Our editor visited this year’s Royal Cornwall Show and tried the oldest sport in Britain, Cornish wrestling.
Known in the native tongue as Omdowl Kernewek, Cornish wrestling has been on the British isles for millennia. In the local dialect, it is called “wrasslin” and consists mainly of throws and trips. There is no ground game in Cornish wrestling, and the wrestlers wear a special jacket. The aim is to throw the opponent, ensuring that he lands as flat as possible on his back. All holds have to be taken on the jacket, meaning no wrist control is allowed. However, the flat of the hand is permitted to be used when pushing or deflecting a combatant.
RULES
Four pinning points are found on the wrestler’s back: two by the shoulders and two on the lower back. You score points when you throw your opponent onto the back, and the number of these pinpoints that hit the floor determines the number of points scored. If you score three or four points you earn what is termed a “Back” and the fight is finished. The judges are called “sticklers,” from which the popular term synonymous with “pedant” is derived. These sticklers award points by raising their sticks when they believe a Back has been scored. Such a Back is given by at least a majority (two out of three sticklers). If no Back is scored during the bout, the winner is determined by the overall amount of points acquired.
OATH AND MOTTO
The wrestlers all have to swear an oath before any wrestling takes place. In English, the oath is:
on my honour and the honour of my country, I swear to wrestle without treachery or brutality and in token of my sincerity I offer my hand to my opponent. In the words of my forefathers “gwary whek yu gwary tek”.
The last part, translated from the Cornish, means “good play is fair play” – which is also the motto of Cornish wrestling. Before any match, the wrestlers have to shake hands. It is said that before the 1800s, wrestlers would have to renounce the use of magic before their fights. Even further back in time, matches were sometimes held in churchyards. In 1297, the Bishop of Exeter put a stop to such practices in Devon and Cornwall.
HISTORY
Cornish history has a long and distinct history. A lot of the history is said to go so far back that it is shrouded in mystery. I visited the annual Royal Cornwall Show this year, where the Cornish wrestlers have their regular tent, and the man behind the table started explaining the history by taking me back to the first ice age. “I digress,” he kept saying, as the history went further and further back in time. Yet his point is well-founded: The very first mention of Celtic Wrestling is in the ancient book of Leinster (c.1160 AD), where the sport is included in the Tailteann Games, dating back to at least 1829 BC. The British Isles are often associated with Anglo-Saxon and Norman history. Occasionally, the Vikings make an appearance up in the North. In the 9th century AD, Danish Vikings fought alongside the Cornish against Anglo-Saxons at the Battle of Kingston Down. Nevertheless, the ancient isles have been populated by Celts for centuries prior to that, and this is what my enthusiastic interlocutor was alluding to. The Cornish, of course, are descendants of the Celts.

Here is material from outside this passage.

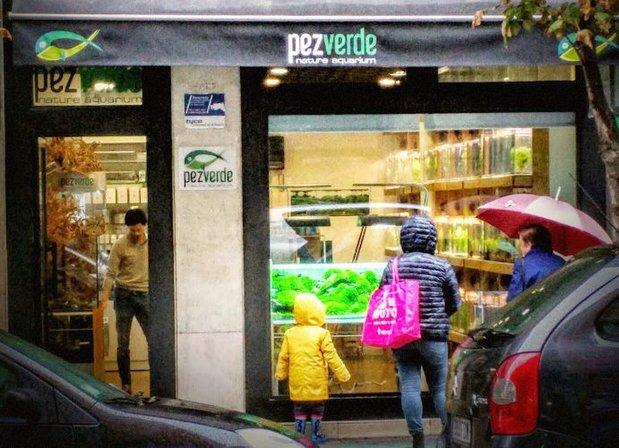 PezVerde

Cornish wrestling, in other words, predates the Roman invasion. In the Middle Ages, the Cornish contingent at the Battle of Agincourt (1415), fighting with King Henry V against the French, fought under a banner which depicted two wrestlers “in a hitch” (or clinch). Writers such as Chaucer, Shakespeare and Michael Drayton have written about Cornish wrestling. On the website for Cornish wrestling, the association writes:
Wrestling is our national sport in Cornwall, a direct living link with our ancestors handed down through an un-broken chain, from father to son, brother to brother and friend to friend for over 3,000 years.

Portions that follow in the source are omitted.